In a posting on the White House blog yesterday, Howard Schmidt, the President’s Cybersecurity Coodinator, announced a new proposal to establish a new online environment, the Identity Ecosystem, that would provide a robust method of identifying individuals and organizations on the Internet.
Today, I am pleased to announce the latest step in moving our Nation forward in securing our cyberspace with the release of the draft National Strategy for Trusted Identities in Cyberspace (NSTIC). This first draft of NSTIC was developed in collaboration with key government agencies, business leaders and privacy advocates. What has emerged is a blueprint to reduce cybersecurity vulnerabilities and improve online privacy protections through the use of trusted digital identities.

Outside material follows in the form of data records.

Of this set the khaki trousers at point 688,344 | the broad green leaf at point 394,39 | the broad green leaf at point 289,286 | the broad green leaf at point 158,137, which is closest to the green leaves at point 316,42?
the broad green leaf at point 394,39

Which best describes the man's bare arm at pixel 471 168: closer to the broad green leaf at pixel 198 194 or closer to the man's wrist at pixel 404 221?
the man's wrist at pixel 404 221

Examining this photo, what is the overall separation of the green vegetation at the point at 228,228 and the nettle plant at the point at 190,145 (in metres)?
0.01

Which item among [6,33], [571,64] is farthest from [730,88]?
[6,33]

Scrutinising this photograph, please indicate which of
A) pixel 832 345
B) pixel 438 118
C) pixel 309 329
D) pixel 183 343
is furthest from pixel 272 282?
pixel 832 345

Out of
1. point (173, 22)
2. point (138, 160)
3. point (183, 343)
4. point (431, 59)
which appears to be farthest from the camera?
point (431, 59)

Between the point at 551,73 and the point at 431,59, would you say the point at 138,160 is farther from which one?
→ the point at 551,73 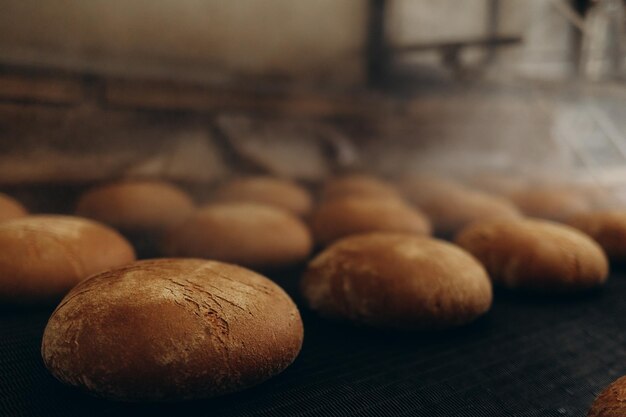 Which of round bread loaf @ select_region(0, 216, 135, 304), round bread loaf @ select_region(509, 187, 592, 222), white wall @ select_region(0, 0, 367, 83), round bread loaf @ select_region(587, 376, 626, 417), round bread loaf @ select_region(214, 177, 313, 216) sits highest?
white wall @ select_region(0, 0, 367, 83)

The idea of creating a uniform identity credential, rather than the current hodge-podge of user IDs and passwords for various Web facilities, is not a new one, of course. Systems such as Microsoft’s more or less abortive Passport system, and projects like OpenID, have many of the same objectives. (They do not, of course, have the government’s imprimatur.) Any endeavor like this has to sort out a very complicated tangle of trust and privacy issues, in addition to getting the security right.
To that end, as Mr. Schmidt says in his announcement, a draft version of the National Strategy for Trusted Identities in Cyberspace has been published; the actual draft document [PDF, 39 pp] can be downloaded here.
(The document is being hosted at the Web site of IdeaScale, an “idea and innovation management” firm. The site has a provision for entering comments, which requires you to register. Unfortunately, I have not yet been able to get the registration process to work. I’ll update this if I learn more.)
As with many security projects, the devil is likely to be in the details. I have a copy of the draft report; the Executive Summary is long on ideals and short on details. I’ll post a follow-up note when I’ve had a chance to read it all.
Update Monday, 28 June, 15:35 EDT
The registration function at the IdeaScale project site seems to have been fixed; I was able to register successfully today.